### Exercise prompt
Omitting all images, set down every line below exactly as it appears.

### Data below

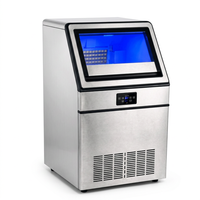 Machine à glaçons industrielle à haute vitesse et à économie d'énergie, avec réservoir d'eau amovible, pour bars et restaurants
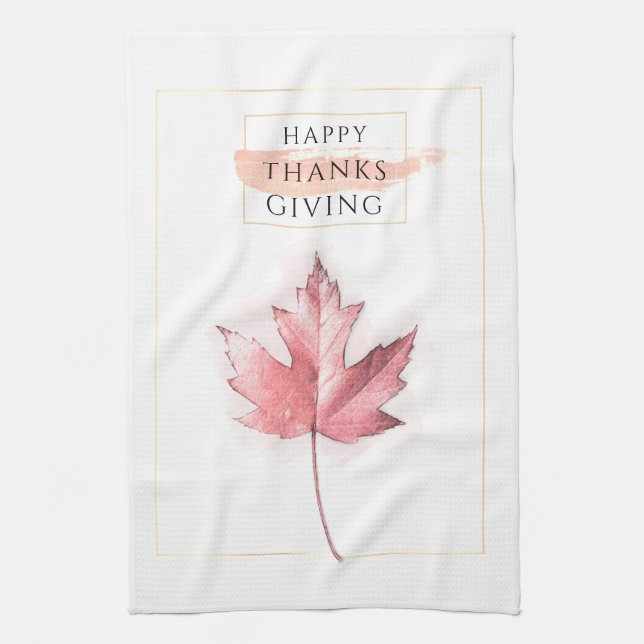 Elegant and Trendy Thanksgiving Tea Towel (Vertical)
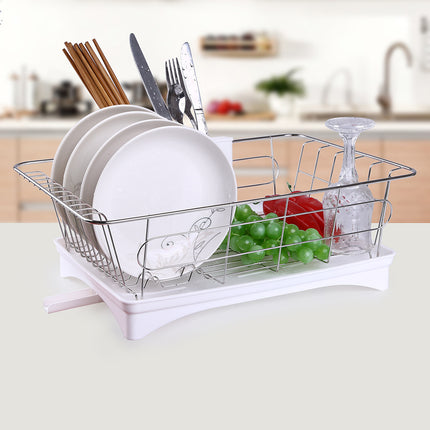 Countertop Dish Draining Rack – Stainless Steel Kitchen Organiser | Ikeame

### Your solution
 Machine à glaçons industrielle à haute vitesse et à économie d'énergie, avec réservoir d'eau amovible, pour bars et restaurants
 Elegant and Trendy Thanksgiving Tea Towel (Vertical)
 Countertop Dish Draining Rack – Stainless Steel Kitchen Organiser | Ikeame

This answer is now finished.